More than a quarter of the people in the Southland lack health insurance, poor people and ethnic minorities often face more severe health problems than wealthier whites, and emergency and reproductive health services are spread increasingly thin.
Such is the mixed diagnosis offered in a comprehensive report on health care in eight counties, including Orange and Los Angeles, released by the Southern California Study Center at USC.
However "well endowed" the region's overall system, the Health Atlas of Southern California says its resources are "unevenly distributed across the region and its populations." Access to care remains elusive for many people in the eight-county region.
"If I had to pick one [problem], it's access in its many dimensions--physical access, access to the emergency medical system, financial access and cultural access for all the different ethnic groups," said Michael Dear, the study center's director and atlas co-editor.
One of the biggest hurdles is a lack of insurance coverage. According to the research, Los Angeles County alone has 2.7 million uninsured people, including nearly 700,000 children. Half of the uninsured are foreign born, many Latino and from working families.
Even in Orange County, which had the lowest percentage of residents without health insurance among the eight counties, more than 500,000 fend for themselves when paying for medical care. The 20% of county residents who are uninsured include more than 90,000 children. The majority of the uninsured are Latino or Asian.
The result is that many people delay seeking health care and preventive screenings or do not obtain them at all. In Los Angeles County, uninsured people with diabetes or hypertension are three times more likely to be without a doctor's care than are those who have insurance or Medi-Cal.
"Until we make significant moves to reduce the number of uninsured . . . the 'good part' of the [health-care] system will remain very limited," said Michael Cousineau, the USC researcher who wrote the atlas chapter on insurance coverage. "This is a serious problem we haven't dealt with. Government has yet to adequately address it."
Even people who have insurance often face choices limited by managed care. The atlas notes that here, in this "bellwether region for managed care," many people have become disenchanted with restrictions in choice of providers and access to services. At the same time, managed care entities are seeing a drop in earnings.

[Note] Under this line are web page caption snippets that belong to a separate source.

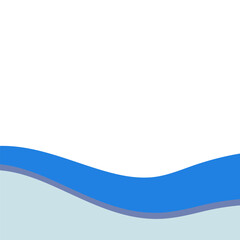 Wave Footer Shape Vector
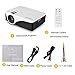 TANGCISON Home Projector Video Projector, LCD Mini Home Projector 1500ANSI Luminous Efficiency 150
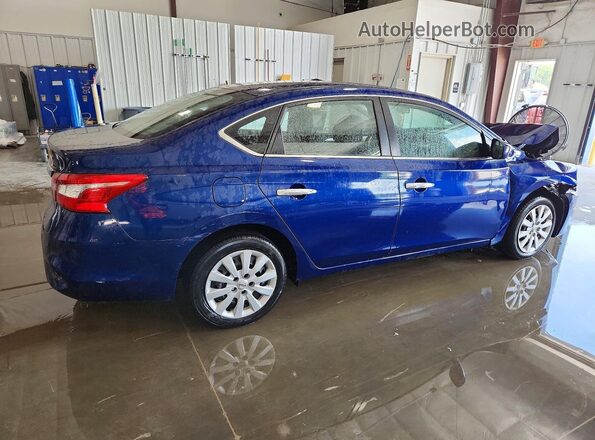 3N1AB7AP7HY222302 2017 NISSAN SENTRA Blue უკანა მარჯვენა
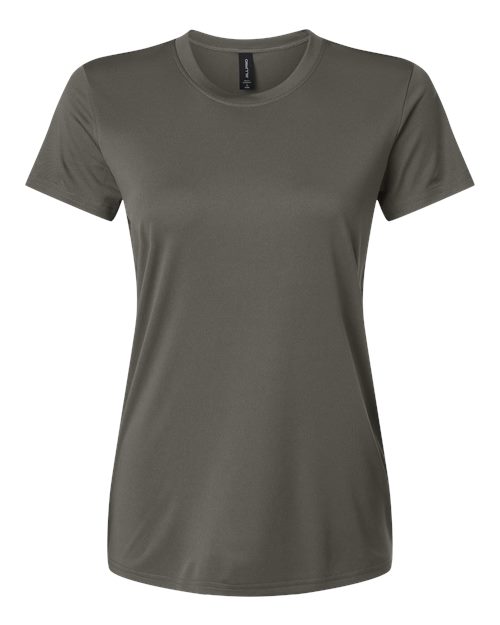 AllPro Women's Pro-Lock Performance T-Shirt - Charcoal Front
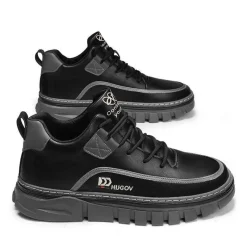 Herren Decor Herrenschuhe-Wanderstiefel - Bergschuhe aus Mikrofaserleder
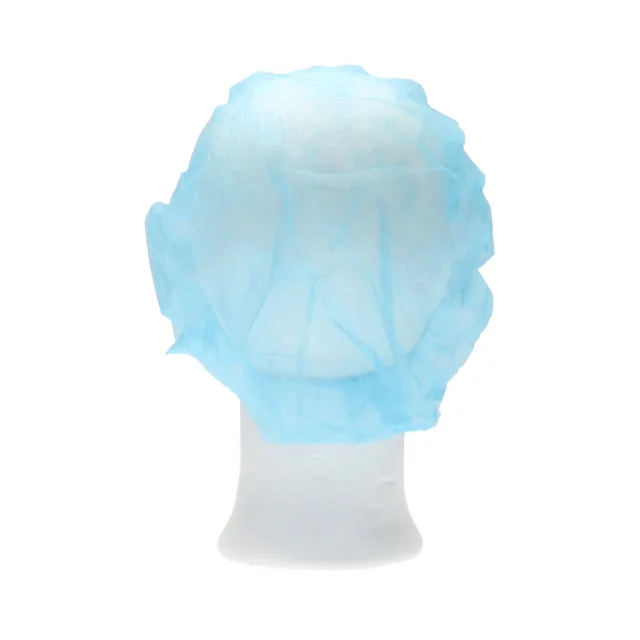 Haarnet CMT bouffant non-woven M 50cm PP blauw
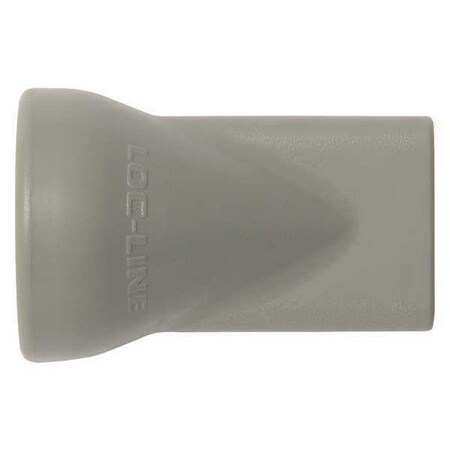 Flat Slot 125 Nozzle, Gray, 1/2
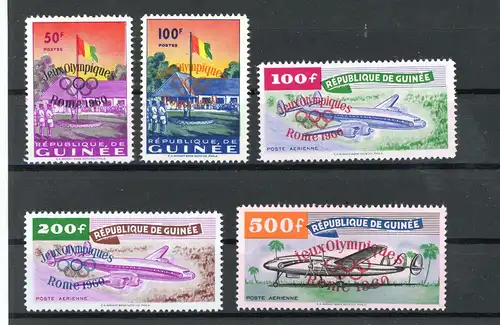 Guinea 49-53 postfrisch Olympia #ID266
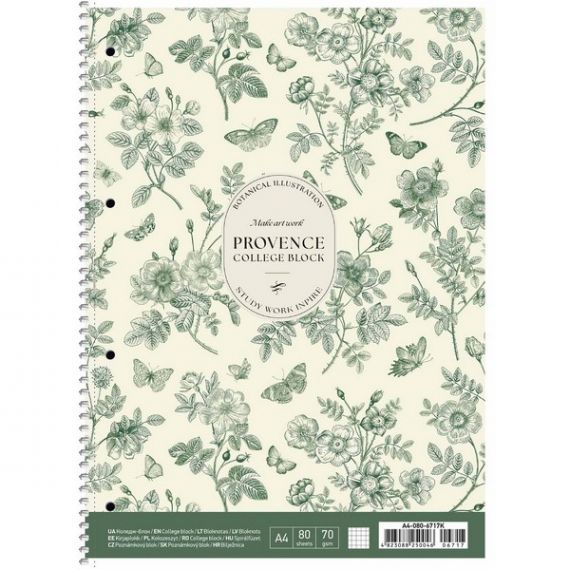 Зошит спіраль А-4 80арк кл крем.,перфор.+отвори під накопичувач мат.ламінація Student Школярик Зошит спіраль А-4 80арк кл крем.,перфор.+отвори під накопичувач мат.ламінація Student Школярик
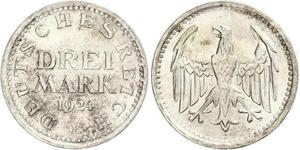 3 Марка Веймарська республіка (1918-1933) Срібло 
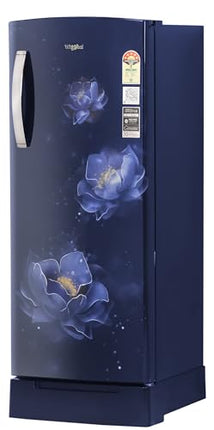 Whirlpool 207 L 5 Star Icemagic Pro Inverter Direct-Cool Single Door Refrigerator (230 IMPRO ROY 5S INV SAPPHIRE ABYSS-Z1, Blue, 2024 Model) 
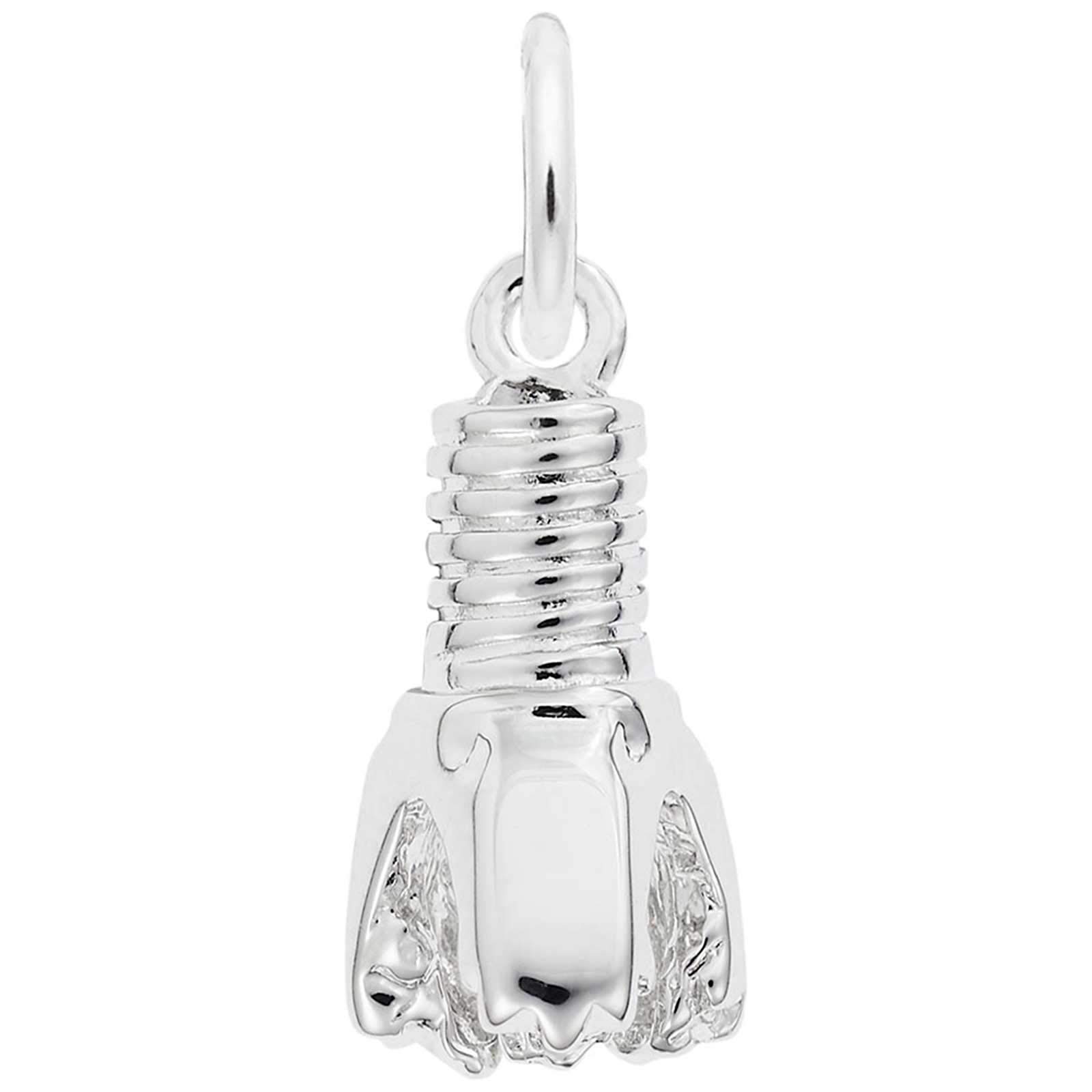 Rembrandt Charms Oil Drill Bit Charm Pendant - Vintage Industrial Jewelry for Necklace & Bracelet - Perfect for DIY Jewelry Making, Steampunk Fashion, and Unique Gifts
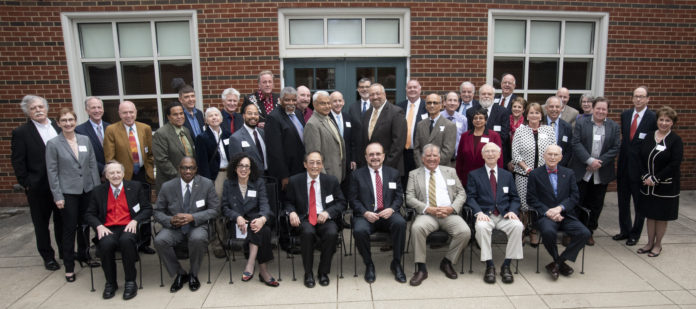 A total of 58 faculty members from across both campuses were recognized for milestone service.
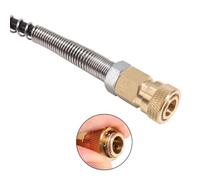 Adaptador de recarga de válvula de carga de doble calibre 7/8-14UNF con manguera de alta presión de 50 cm, clasificación de 6000 PSI, válvula de seguridad para tanques de aire de fibra de carbono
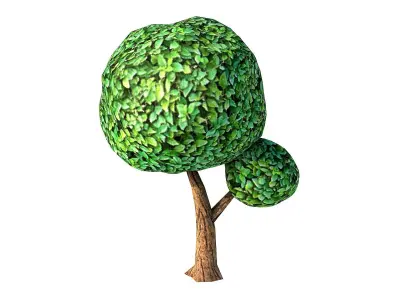 Low Poly Cartoon Tree Pack Textured Low-poly 3D model
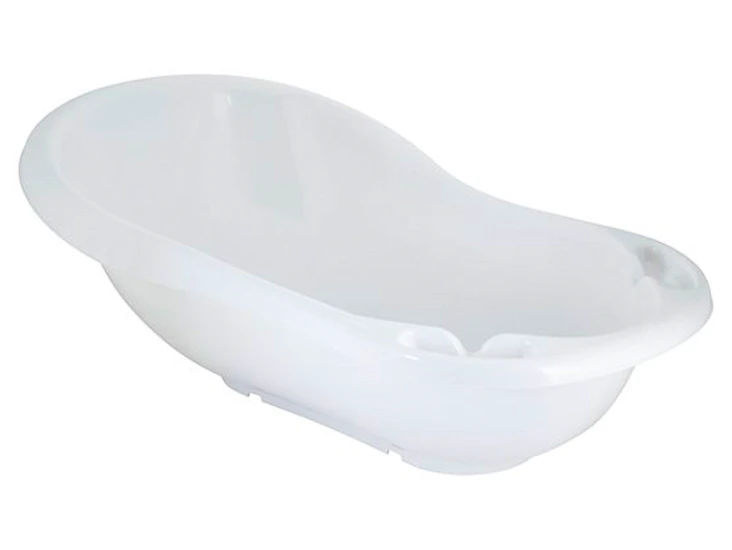 White bath tub baby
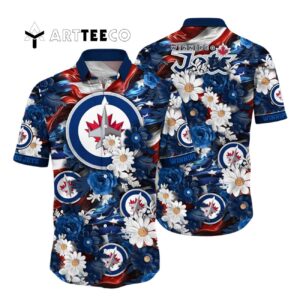 Winnipeg Jets Independence Day Summer Shirts Hawaiian shirt 1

Obtaining reproductive care represents an access problem of a different kind. The atlas notes that mergers and acquisitions have led to a substantial increase in the percentage of hospitals affiliated with religious groups. Twenty-two of Los Angeles County's 113 general acute-care hospitals are religiously affiliated, mostly with the Roman Catholic Church.
In Orange County, six of the 35 acute-care hospitals are affiliated with religious groups, all but one the Catholic Church.
"Though that is 17% of hospitals, these hospitals are larger than other hospitals and make up 24% of the acute-care beds," said Elizabeth Grady, a professor at the USC School of Policy, Planning and Development.
Religious affiliation is a good thing in one sense because faith-based institutions tend to be committed to the poor and uninsured and continue to serve communities even when profits dip, the researchers noted. However, religious affiliations have slowly chipped away women's access to abortions, contraception and fertility treatments, the atlas notes.
"That in some ways is like a small time bomb hidden away in this report . . . a time bomb ticking away at the heart of the system," Dear says.
Emergency services are slowly eroding as well. According to the report, as of December 1997 there were 95 hospitals in Los Angeles County capable of tending to emergency illnesses and injuries, 15% fewer than seven years earlier. The most obviously underserved areas, researchers said, are the Antelope Valley and South Los Angeles.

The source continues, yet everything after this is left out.